Dr. Evgeny Senokos, lavanta yağındaki linaloolü kükürt ile birleştirip karışımı ısıtarak, kükürt ve polisülfürler için bir kafes gibi davranan yeni bir malzeme yarattı. İnsan saçının yaklaşık yüz bin katı kadar küçük olan nanoparçacıkları, polisülfürleri yakalarken daha küçük sodyum iyonlarının geçmesine izin vererek elektronların sürekli transferini sağlıyor. Senokos, “Lavanta yağı, termal çapraz bağlanma ve yoğunlaşma özellikleri sayesinde mükemmel bir katkı sağladı. Daha basit bir ifadeyle, bataryanın içindeki sıcaklık arttıkça karbon molekülleri daha sıkı bağlanıyor ve su buharlaştıkça ortaya çıkan nanokafes daha güçlü ve yoğun hale geliyor. Bu sürekli karbon tabakası kükürdü hapsederek kaçmasını engelliyor. Sonuç olarak daha uzun ömürlü ve daha fazla enerji depolayan bir batarya elde ediyoruz,” diye açıklıyor. Yeşil enerjiye katkı sağlama konusunda kararlı olan Senokos, yakında lityuma alternatifler bulma arayışında kendi araştırma grubunu yönetecek.

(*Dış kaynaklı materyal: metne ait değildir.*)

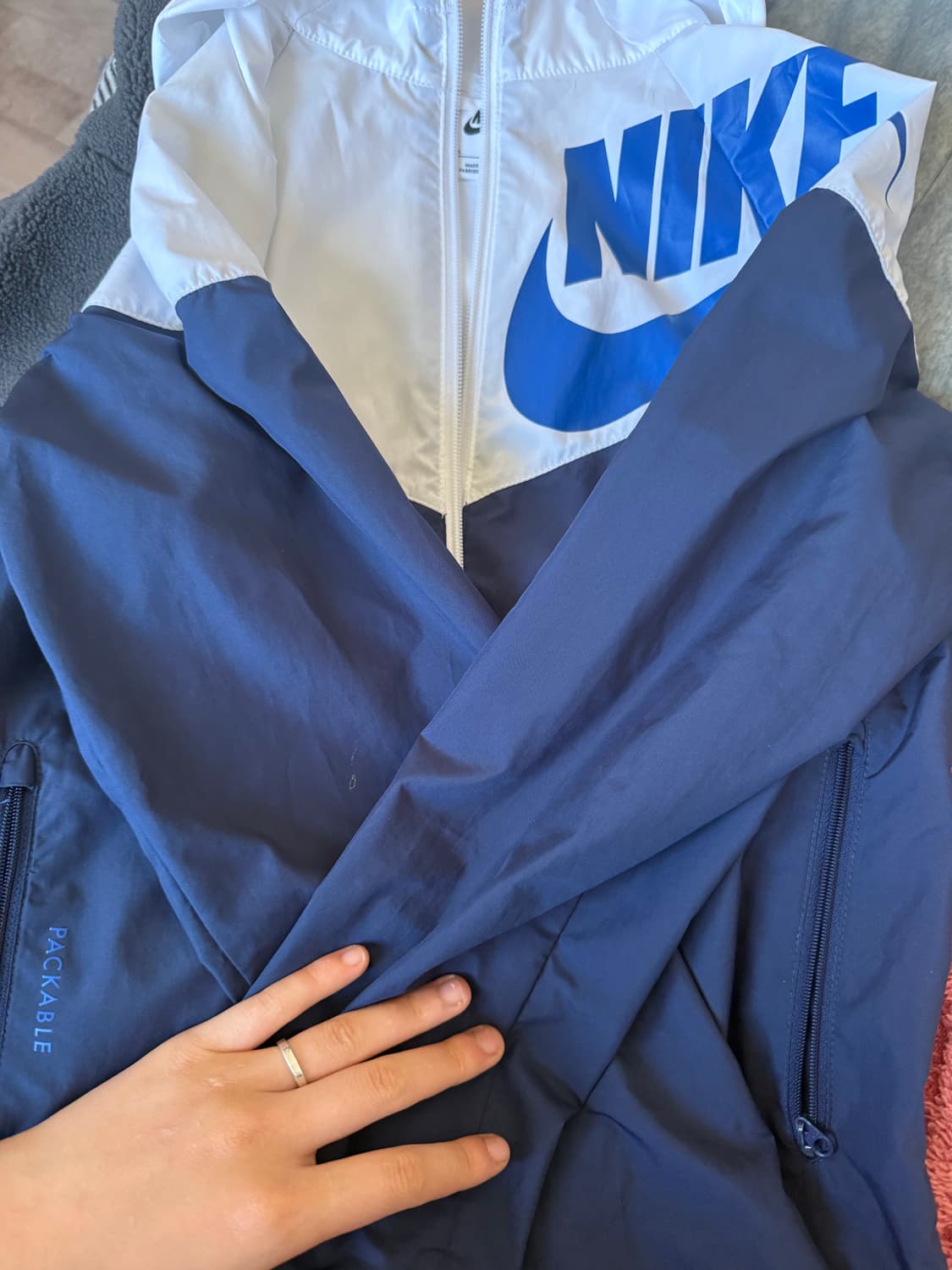 나이키 바람막이 상품이미지2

Üç ay boyunca yapılan 1.500 laboratuvar testinin ardından, lavanta katkılı batarya hâlâ ilk kapasitesinin %80’inden fazlasını korudu.

“Doğaya yaratıcı bir gözle bakarsak, enerji dönüşümünün birçok zorluğuna çözümler sunduğunu görüyoruz. Sonuçlarımızın yakında laboratuvardan çıkıp gerçek dünya uygulamalarına ulaşacağına eminim,” diyor Giusto. Uygun bir şekilde ölçeklendirildiğinde, bu yenilikçi bataryalar sanayi şebekelerini besleyebilir, yenilenebilir kaynaklardan enerji depolayabilir ve kritik altyapıyı destekleyebilir. Giusto, “Birçoğumuzun bahçelerinde yetiştirdiği bir şeyle geleceğin bataryalarını şekillendirmek büyüleyici,” diye ekliyor, laboratuvarında kükürdün keskin kokusu yerini lavantaya bırakırken, onu bu çalışmaya ilham veren İtalya’daki memleketi Riviera dei Fiori'deki lavanta tarlalarını hatırlıyor.

Yeşil bataryaların geleceği henüz güllük gülistanlık olmasa da, kesinlikle lavanta tonlarında görünüyor.